According to the World Health Organization, diabetes mellitus (DM) in the year 2030 will be ranked the
seventh leading cause of death in the world. DM impacts all systems of the body with oxidant stress controlling cell fate
through endoplasmic reticulum stress, mitochondrial dysfunction, alterations in uncoupling proteins, and the induction of
apoptosis and autophagy. Multiple treatment approaches are being entertained for DM with Wnt1 inducible signaling
pathway protein 1 (WISP1), mechanistic target of rapamycin (mTOR), and silent mating type information regulation 2
homolog) 1 (S. cerevisiae) (SIRT1) generating significant interest as target pathways that can address maintenance of
glucose homeostasis as well as prevention of cellular pathology by controlling insulin resistance, stem cell proliferation,
and the programmed cell death pathways of apoptosis and autophagy. WISP1, mTOR, and SIRT1 can rely upon similar
pathways such as AMP activated protein kinase as well as govern cellular metabolism through cytokines such as EPO and
oral hypoglycemics such as metformin.
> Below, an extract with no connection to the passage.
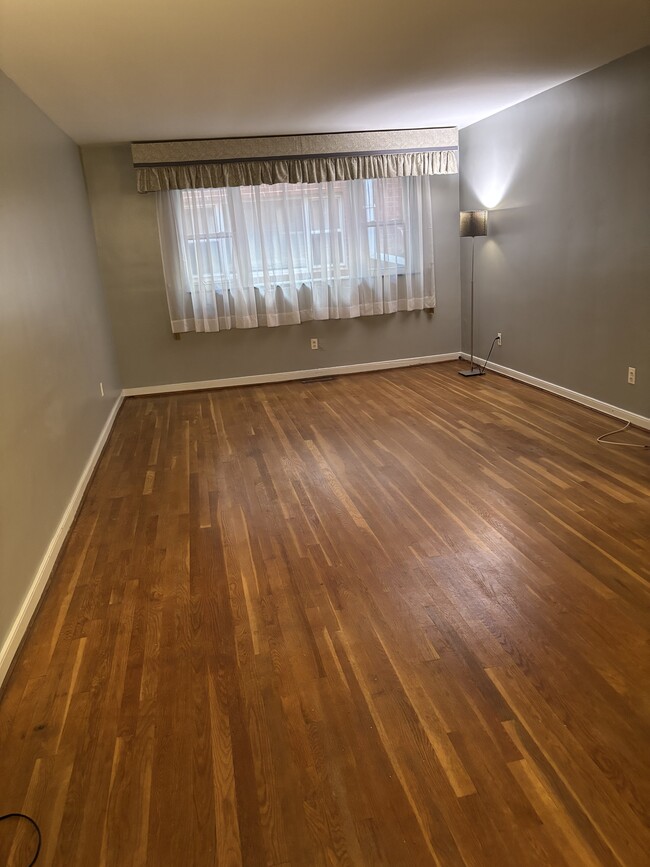 Foto del edificio - 3416 Grove Ave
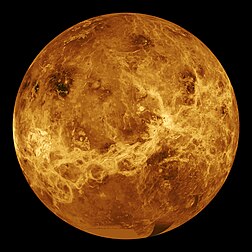 Vue globale de la surface de Vénus obtenue par mosaïque d'images radar de la sonde spatiale Magellan et d'images de la sonde Pioneer Venus orbiter. Cette image ne pourrait pas être vue par un observateur survolant Vénus, car des nuages composés d'acide sulfurique rendent son atmosphère constamment opaque. (définition réelle 4 096 × 4 096)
Yet, these pathways require precise biological control to exclude potentially
detrimental clinical outcomes. Further elucidation of the ability to translate the roles of WISP1, mTOR, and SIRT1 into
effective clinical avenues offers compelling prospects for new therapies against DM that can benefit hundreds of millions
of individuals throughout the globe.
Keywords: AMPK, apoptosis, autophagy, cardiac, CCN, diabetes mellitus, erythropoietin, forkhead, FoxO, metformin,
nervous system, oxidative stress, mTOR, sirtuins, SIRT1, stem cells, vascular, WISP1, Wnt.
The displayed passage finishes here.